Global Islamic finance development, in the past five years between 2010 and 2015, has shown a robust expansion recording a 17.3% Compounded Annual Growth Rate (CAGR) with total global financial assets of the Islamic financial industry estimated to be at USD2tln and anticipated to surpass USD3tln by 2018.
The contribution came mainly from 23 countries that scored higher than the global average – 30% (7) MENA, 22% (5) GCC, 17% (4) South Asia, 13% (3) Southeast Asia, 9% (2) Europe, 4% (1) North America, and 4% (1) Africa.
The presence of Islamic finance in Africa is expected to have positive impact, specifically in terms of being the intermediary of financing for the natural resources in Africa. It is recognized that Africa is a major producer of both agricultural and mining commodities.8 As at 2010, the region accounts for 10% of the world’s oil reserves, 40% of gold reserves, and 80-90% of chromium and platinum metals reserves.9 In addition, 60% of the world’s uncultivated arable land is located in parts of Africa.

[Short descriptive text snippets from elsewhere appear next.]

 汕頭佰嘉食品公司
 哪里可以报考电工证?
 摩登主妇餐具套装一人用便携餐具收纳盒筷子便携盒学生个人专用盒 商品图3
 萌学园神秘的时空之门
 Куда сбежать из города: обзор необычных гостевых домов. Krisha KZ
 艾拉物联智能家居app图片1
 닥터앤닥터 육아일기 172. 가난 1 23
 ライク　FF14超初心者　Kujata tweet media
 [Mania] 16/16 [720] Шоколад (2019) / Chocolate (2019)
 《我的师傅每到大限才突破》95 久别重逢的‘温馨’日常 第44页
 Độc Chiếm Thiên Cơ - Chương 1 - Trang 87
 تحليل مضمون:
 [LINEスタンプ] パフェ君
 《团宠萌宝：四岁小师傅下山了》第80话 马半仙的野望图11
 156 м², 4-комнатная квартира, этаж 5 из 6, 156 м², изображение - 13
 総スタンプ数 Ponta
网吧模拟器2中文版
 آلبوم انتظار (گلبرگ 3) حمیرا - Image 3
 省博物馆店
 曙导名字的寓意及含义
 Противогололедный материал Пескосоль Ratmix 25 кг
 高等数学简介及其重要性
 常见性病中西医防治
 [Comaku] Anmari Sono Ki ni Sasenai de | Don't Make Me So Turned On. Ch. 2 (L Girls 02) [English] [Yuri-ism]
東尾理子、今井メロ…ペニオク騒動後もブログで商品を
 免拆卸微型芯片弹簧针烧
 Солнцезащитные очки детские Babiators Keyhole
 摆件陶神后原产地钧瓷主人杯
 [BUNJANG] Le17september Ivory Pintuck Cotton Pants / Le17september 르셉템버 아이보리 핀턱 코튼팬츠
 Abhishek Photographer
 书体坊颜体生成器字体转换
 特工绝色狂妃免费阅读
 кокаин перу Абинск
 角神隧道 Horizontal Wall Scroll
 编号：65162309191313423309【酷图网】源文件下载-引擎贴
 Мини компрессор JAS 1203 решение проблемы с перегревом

Generally, Islamic finance can play a role in Africa through investments and funding for infrastructure, especially in countries which intend to diversify their sources of funding. With that, Islamic finance in Africa continues to draw attention from industry practitioners and regulators in the region.
Islamic finance has made notable progress in some parts of Africa, spurred by demand from both Muslim and non-Muslim populations.15 For example, in Nigeria, the country now has one full-fledged Islamic bank, which serves the Muslim-dominated population of 173.6mln, suggesting potentials for more Islamic banks to be established.